Here I thought @kristina was the only weird one who didn’t like WASD

E and F are action buttons for a ton of games. I’d have to remap too many keys to do this and then spend the end of my gaming days not able to follow anyone’s directions and looking at keymapping.

Always been using the numeric pad, and always will.

If I move farther then ESDF I can’t reliably hit tab, shift lock, shift, control, or alt. Could I retrain myself and gain better pinky dexterity? Probably but there aren’t enough benefits to make it worth it. Really if a game needs more than keys I can reach from WASD it probably isn’t for me anyway!

I now recall being dismissive of the (then) new WASD control scheme and hung onto the arrow keys as long as I could with Half-Life and Quake.

This was also me. I am slow to embrace change.

You’re not playing an MMO where you actually may need to type out a conversation with someone while also moving your character. WASD is bad enough, I already need to bring my right hand near the center of my stomach. R-whatever would be far worse.

Want to make your head explode?

There’s a popular Minecraft streamer who goes by…

ASWD.

JFC.

Next they’ll be pronouncing “gif” with a hard “G.” Fucking kids these days. No respect.

As a lefty I use the mouse with my left hand. I used to remap stuff to the numpad for my right hand, but nowadays I just scooch the keyboard over a bit and use WASD most of the time.

I suppose there are superior options out there but WASD has always worked fine for me and as others have suggested, the problem isn’t really changing the binding of those keys themselves but then of all of the other keys that would need to be changed in turn and then you would be out of sync with any instructions for actions that you happen to read on the internet which are using the standard key bindings. It will just have to go into the pile of things that are technically superior but we aren’t going to change them because history has decided otherwise.

Counterpoint: WASD is default in every game released in the last 25 years. Like fuck will I rebind everything in every game, especially given they don’t always even let you.

It’s like people championing Dvorak keyboards. Are they better? Probably. I’ll never know, because I can’t put a Dvorak keyboard on every computer I’ll ever have to use, and no computer in the real world will have one already.

I thought dvorak was just an alternate arrangement of letters on a standard keyboard, and you can switch to that in your OS?

,AOE for life.

Or <AOE, if we’re doing caps.

I’ve typed Dvorak for 13 years and not having any wrist or hand pain since I switched is totally worth the occasional inconvenience on my in-laws’ computer or whatever.

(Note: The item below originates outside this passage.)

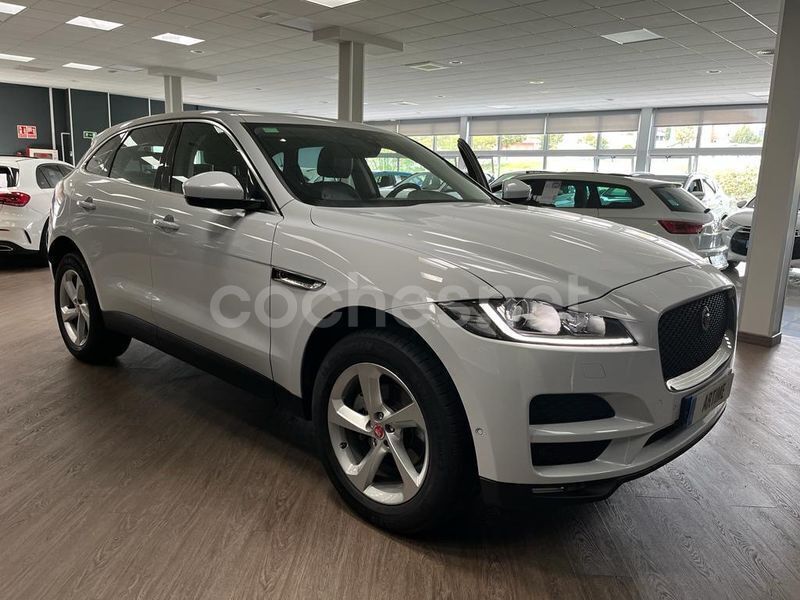 Usado Jaguar F-Pace Portfolio 180 CV (132 kW) 2017 Blanco SUV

It is an alternate arrangement of letters, yes. I don’t know if you can switch it in your OS, but I would absolutely not have a good time if the output didn’t match the keys. I more or less touch type, but it would throw me the fuck off anyway. And that’s assuming I had access to that particular setting, which I wouldn’t on a lot of the computers I use, including probably my work computer.

Funny - I have used Dvorak for about thirty years or so. You can choose it as an option in Windows itself (Fun to do that to fellow workers who dont lock their keyboard when they step away to teach them secure practices). Even the geeky types never realize they were switched to the Dvorak settings.

@Ultrazen

I’m with you.

I’ve been using RDFG since Quake for identical reasons. I suppose if one has small hands ESDF might be better.

Yes, to all the WASDers out there – you have to rebind everything from default layouts, but it’s a huge quality of life improvement.

If I was using one of the keyboard with macro keys (Logitech or Corsair for example), I could see maybe using WASD as those macro keys would be more accessible on the left side of the keyboard. Even then I think RDFG gives you more keys you can hit with the pinky and ring finger.

But, really, RDFG is the one truth path and when the revolution comes the WASD savages will be the first against the wall.